Nat Sciver-Brunt reflected with pride on her record-breaking century as England brought the curtain down on their summer in barnstorming fashion by thrashing Sri Lanka.
It was the fastest ton in a women’s ODI by an England batter – eclipsing Charlotte Edwards’ 70-ball effort from March 2012 – as the hosts prevailed by a whopping 161 runs to seal a 2-0 series win.
Sciver-Brunt holed out for 120 off 74 balls, her third three-figure score in her last four ODI innings, having helped England draw a gripping multi-format Ashes series with back-to-back hundreds in July.
“I’m really happy to bat the way I did and continue with what I was doing against Australia as well,” Sciver-Brunt said at the post-match presentation ceremony.
Sciver-Brunt was rested from the preceding three T20s between the teams, where England suffered a shock defeat, but the 31-year-old has felt the benefit of some downtime in a hectic summer programme.
She has been managing a knee problem for several months and played in this series as a specialist batter but anticipates returning to all-rounder duties on England’s tour of India before Christmas.

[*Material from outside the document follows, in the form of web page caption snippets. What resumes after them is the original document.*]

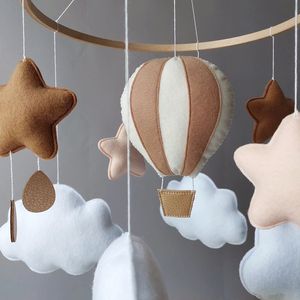 Montgolfière personnalisée mobile pour bébé vente en gros de mobile en feutre rotatif neutre amovible bon marché nordique - Product Image 2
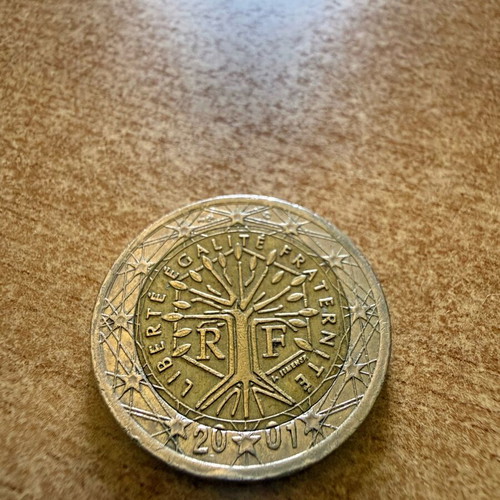 Collectible 2€ coin used with rare minting errors from France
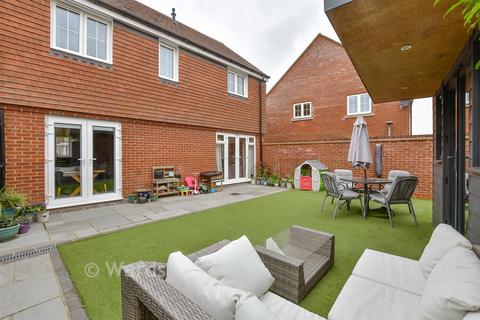 3 bedroom semi-detached house for sale, Harrier Drive, Ashford TN25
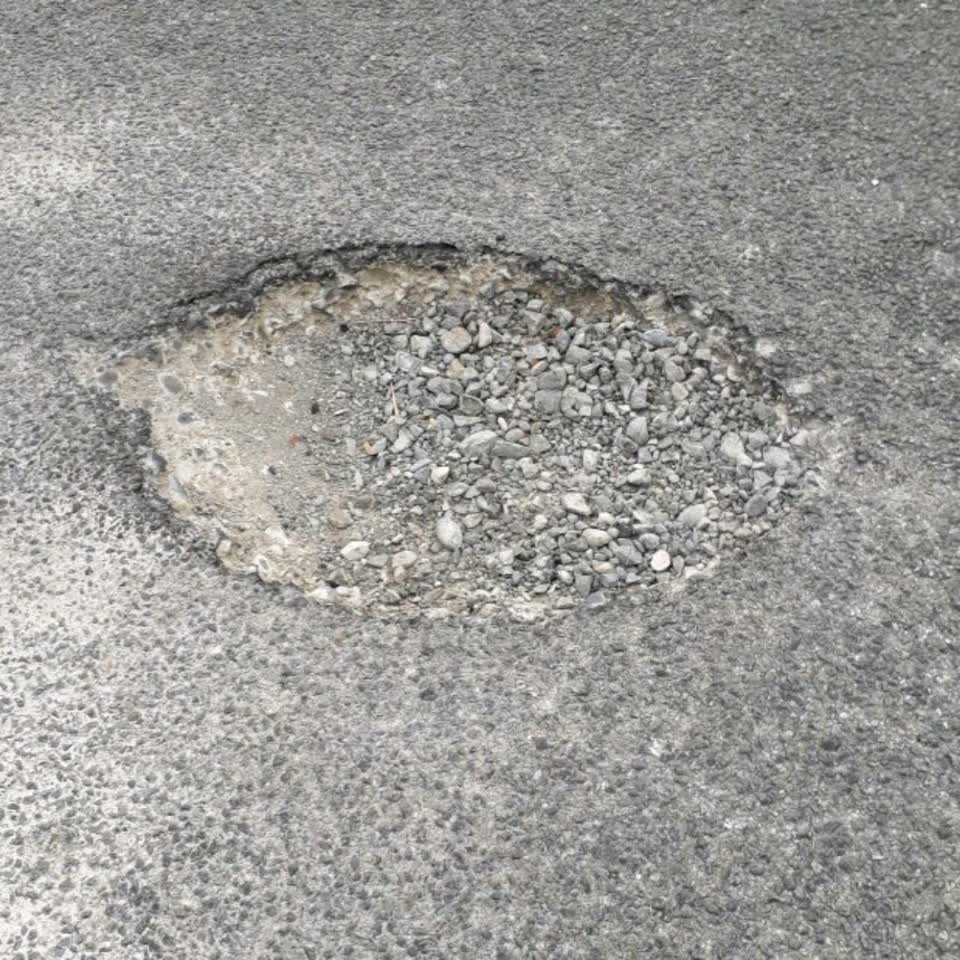 The photograph attached to this roading/streets report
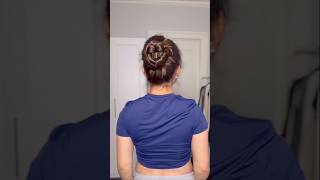 High claw clip bun hairstyle ✨bunhairstyle bun longhair naturalhairstyles hairinspo hairbun [upl. by Nero]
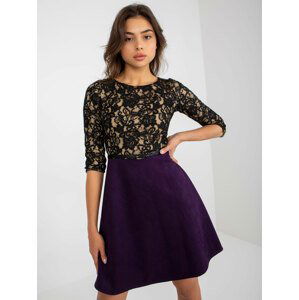 TMAVĚ FIALOVÉ ŠATY S KRAJKOVÝM TOPEM -LK-SK-506582.04P-DARK PURPLE Velikost: 36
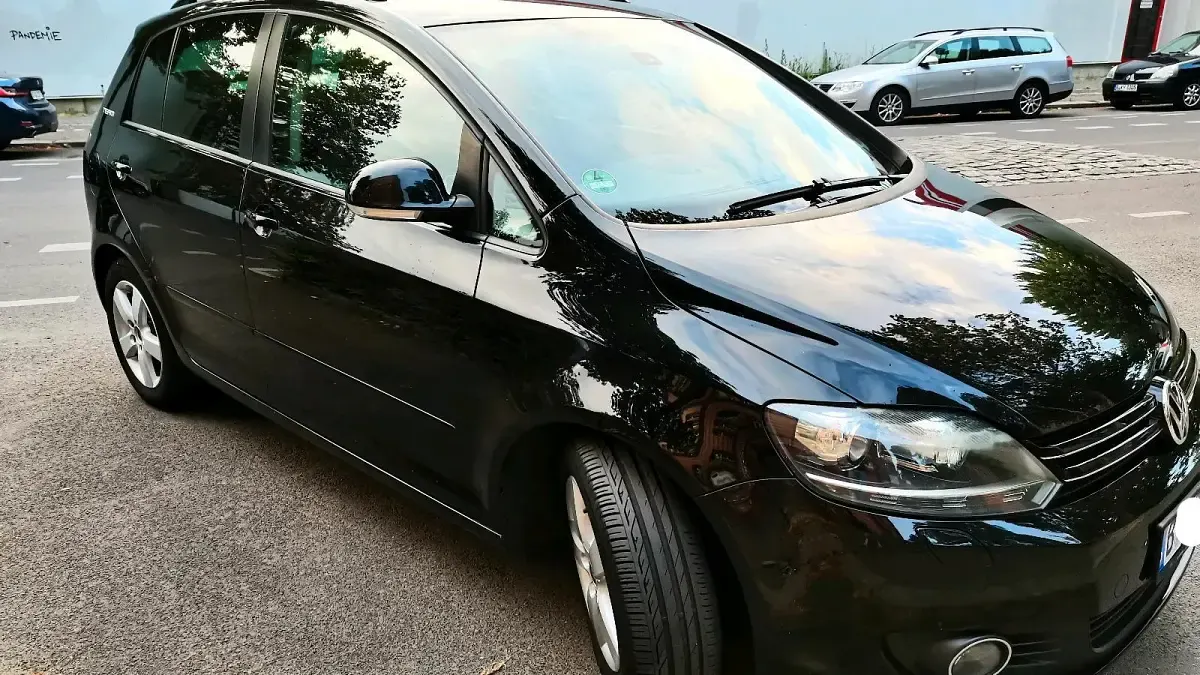 Gebraucht VW Golf VI Team 140 PS (102 kW) 2010 Schwarz Kleinwagen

“The decision not to bowl post-Ashes was more to give the body a bit of a rest,” she said. “I’m looking forward to picking up the ball again. I want to influence games as much as I can.
“That’s the best part of being an all-rounder and fielding for 50 overs and not really being able to influence with the ball was a little bit frustrating but I was happy to have the body break for that.

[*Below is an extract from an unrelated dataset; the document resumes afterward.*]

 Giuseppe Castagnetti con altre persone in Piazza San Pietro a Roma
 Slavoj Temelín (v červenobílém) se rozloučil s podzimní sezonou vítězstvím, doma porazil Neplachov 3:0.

“When we play so much cricket through the summer, we probably don’t need to train too many things, just be right in the mind and body and hopefully continue that mindset that I had (in the Ashes).”
England were bogged down by Sri Lanka’s spinners in the T20s when batting first and may have feared the worst when Tammy Beaumont and Alice Capsey were dismissed early in a match reduced to 31 overs per side at Grace Road because of rain that led to the start time being pushed back by more than three hours.

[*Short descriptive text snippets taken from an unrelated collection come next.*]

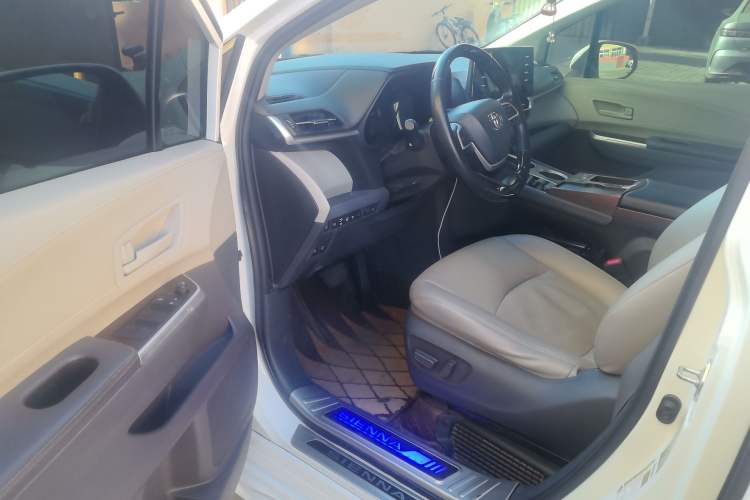 Used Toyota SIENNA 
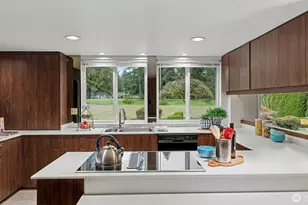14121 SE Fairwood Blvd, Renton, WA 98058 - Photo 11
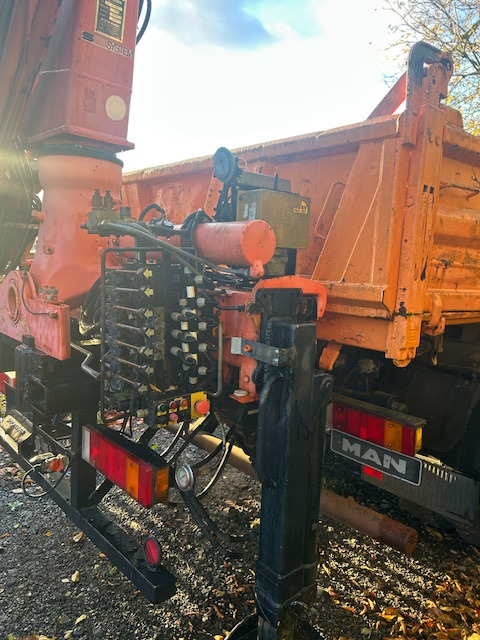 MAN 19 293 4x4 Kran Atlas 85.1 A2 - Kipper: das Bild 3 MAN 19 293 4x4 Kran Atlas 85.1 A2 - Kipper: das Bild 3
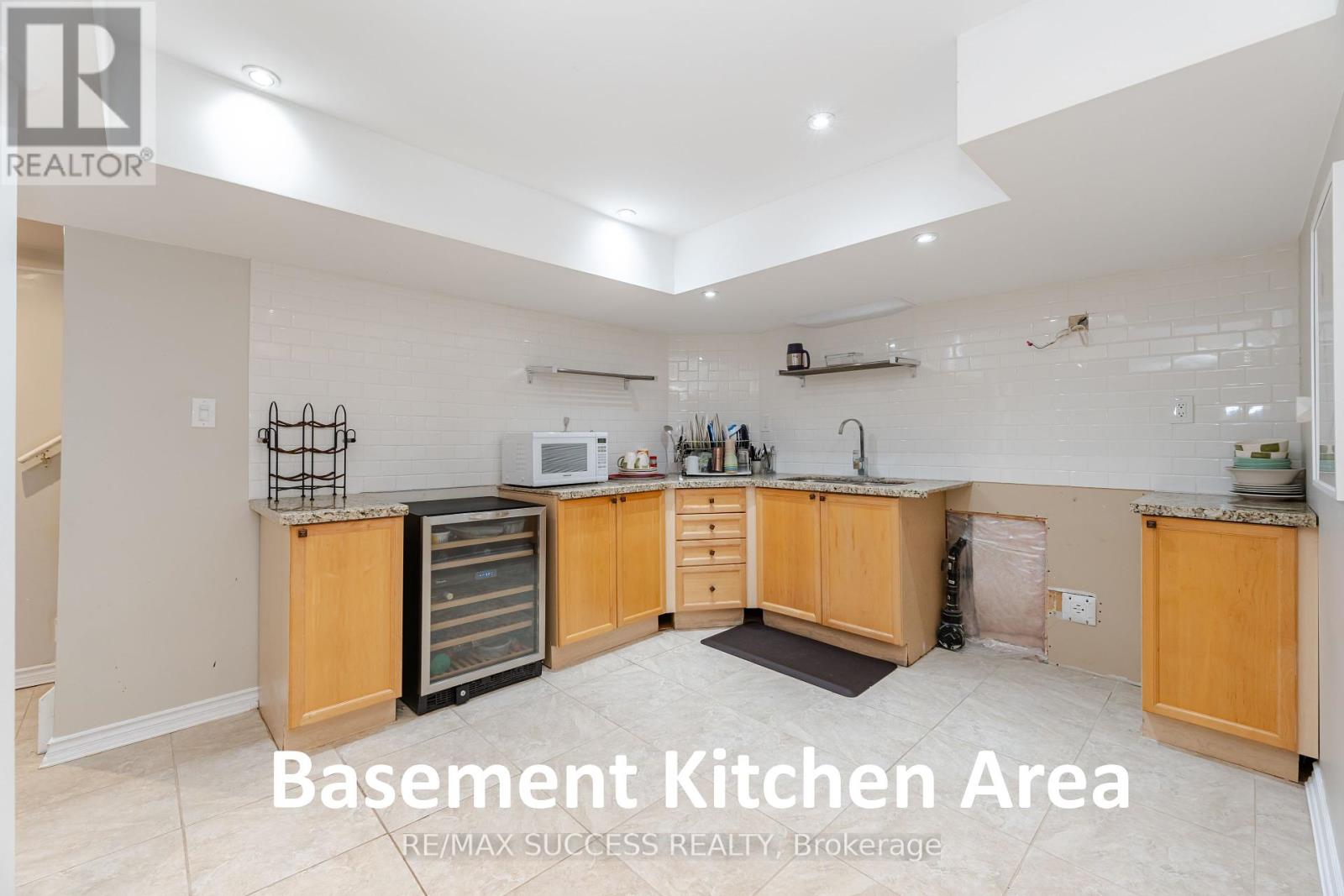 Photo 36 of 19 Sawston Circle, Brampton ON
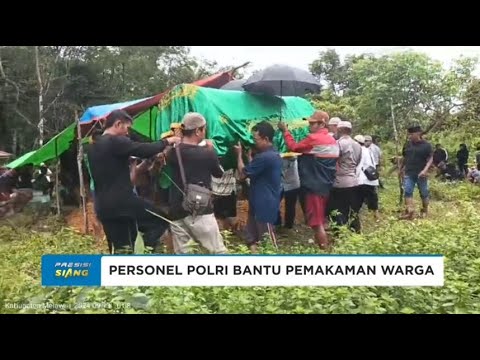 PERSONEL POLRI BANTU PEMAKAMAN WARGA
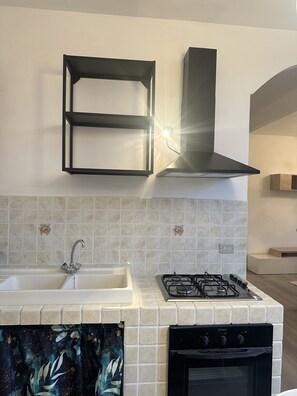 Oven, stovetop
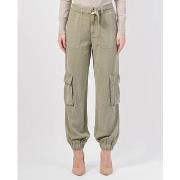 Pantalon Guess Pantalon cargo avec grandes poche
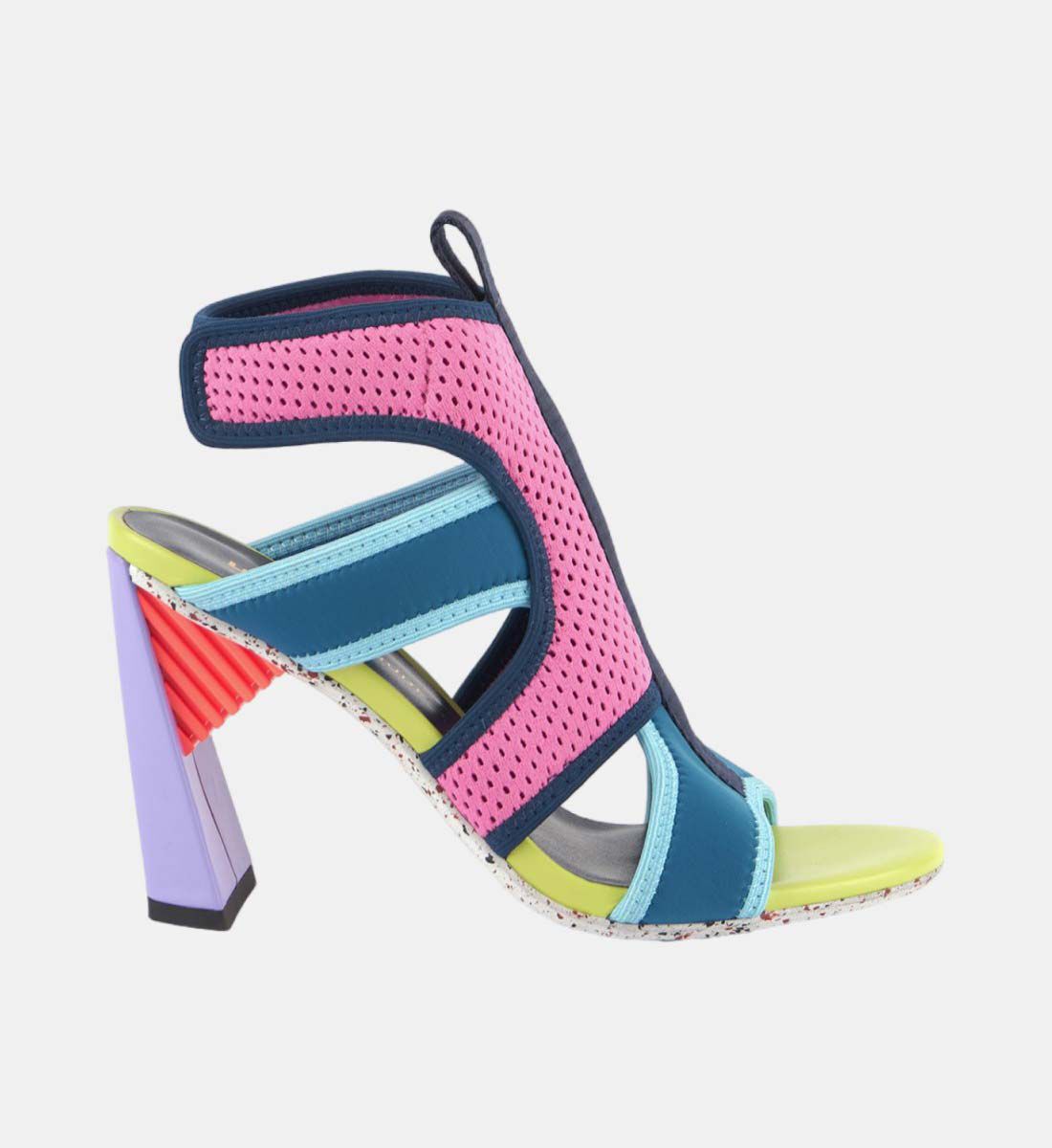 Un sandals on sale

But Sciver-Brunt exhibited why she is so instrumental, taking on the coterie of off-spinners and slow left-armers, punching with aplomb off the back foot and displaying her full range with fluid drives, pulls, sweeps and one scoop for 18 fours and a single six.
Maia Bouchier, featuring in just her third ODI and in her second innings in the format, provided ample support with 95 off only 65 balls. The 24-year-old opener crashed a dozen fours and two sixes in a 193-run stand from just 121 deliveries with Sciver-Brunt.
“She’s a fantastic player,” England head coach Jon Lewis said of his stand-in captain.
“It’s the calmness she brings – and I thought we saw that in abundance here. The calmness she brought to Maia in a situation when we were 18 for two, she’s come out with an authority.”
Sciver-Brunt was the first to three figures but Bouchier could have made sure her team-mate’s record lasted just a few minutes had she dispatched her 65th ball for six, only to be trapped lbw.
“I was absolutely gutted for her that she didn’t score a hundred because I know that when she does score a hundred, she’ll score a lot of hundreds,” Lewis added. “She’s incredibly talented.”
Sciver-Brunt and Bouchier underpinned a mammoth 273 for eight, a total which would have stretched Sri Lanka in a regulation 50-over game and the tourists were never in contention in the chase.
They capitulated to 112 all out in 24.5 overs, as Charlie Dean claimed five for 31, her maiden five-wicket haul for England which the off-spinner recognised was built on Sciver-Brunt’s stunning knock.
“She’s the best all-rounder in the world, the best batter,” Dean said. “She brings a lot to the team, she definitely elevates us with her standards alone.
“I guess she goes under the radar with her leadership – she’s so calm. We have so many players that can do similar but there’s only one Nat Sciver-Brunt.”